По стопам последнего пошли Дзедушицкий, Валевский и Моравский, которые, однако, придали его взглядам новый, католический подход, приписывая все, что было хорошего в Польше, католицизму или даже, как Валевский, цезаропапизму>36. Объясняя упадок Польши отступлением от католических принципов, эти историки снова создали историософскую формулу, которая по своей однобокости намного превосходила формулу Лелевеля и в которую они втиснули нашу историю, открыто перекраивая источники. Произведения Дзедушицкого и Валевского полны ранее неизвестными подробностями. При этом образы Збигнева Олесницкого>37, представляемого ими как защитник папской власти, и Скарги>38, ругаемого за отсутствие толерантности, получились довольно карикатурными. О странностях же Валевского вообще излишне вспоминать.
Эти писатели боролись с Лелевелем, но его же оружием. Причем сражались хуже всех. В целом же своими методами работы от школы Лелевеля они ничем не отличались, и поэтому их следует отнести именно к ней.
Следует только удивляться тому большому количеству трудов, которые школа Лелевеля посвятила изучению нашего прошлого. Необходимо также отметить мастерское изображение материала Шайнохой, настоящую эрудицию у Вишневского, Бартошевича и Лукашевича, отображение на основе источников дипломатических отношений Польши Валевским.
Вместе с тем если задаться вопросом, что же является для нас настоящим плодом их таланта и труда, то мы с грустью увидим, что без ответа осталось много уже поднятых нами вопросов, а решенными – совсем мало! Предвзятость и отсутствие строгого метода исследования – повторяем это еще раз – не дали школе Лелевеля приблизиться к подлинной сути нашей истории.
Тогда же нашей историей стало заниматься все больше и больше сторонних ученых. В частности, над историей Силезии, Пруссии и Ливонии издавна трудились немцы, а над историей Литвы и Руси – русские. Причем и те и другие пользовались ревностной поддержкой своих правительств, что выражалось в издании наших исторических источников, о которых довольно много говорилось в различных сборниках. И хотя те труды нередко оказывались довольно тенденциозными, та широкая источниковая база, на которую они опирались, придавала им более прочное значение.
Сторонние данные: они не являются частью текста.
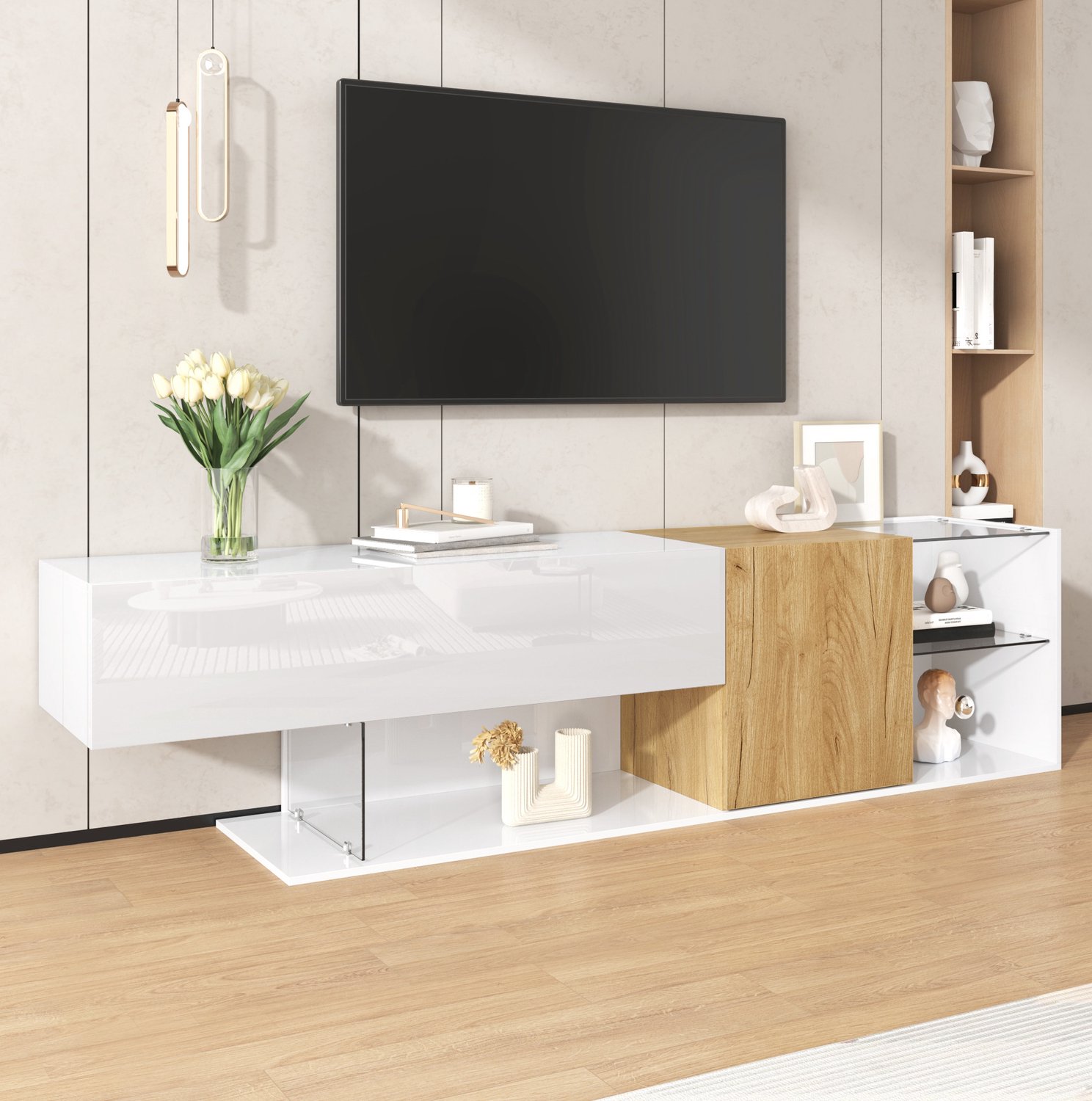 Maisentiel Tv-meubel 180 cm - wit met houtlook - glazen planken en opbergruimte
Среди этих сторонних ученых, наряду со многими посредственностями, было и немало людей, наделенных талантом, пользовавшихся новыми методами исследования, отличавшихся усердием и возвышавшихся над тесным кругом национальных предрассудков и интересов. Так, в нашей истории очень хорошо разбирались Сергей Михайлович Соловьев, Николай Иванович Костомаров, австрийский историк Адольф Беер, описавшие историю падения Польши, а также немецкие историки Рихард Роепель, Георг Фогт, Кольмар Грюнгаген, Яков Каро, Генрих Цейсберг, занимавшиеся польским Средневековьем. При этом, когда чужеземные историки отзывались о наших ученых с некоторым чувством превосходства, мы вместо того, чтобы эффективно состязаться с ними в том, чтобы сказать последнее научное слово о нашем прошлом, отвечали им порой хвастливым бахвальством и не извлекали из иностранных работ ни малейшей пользы.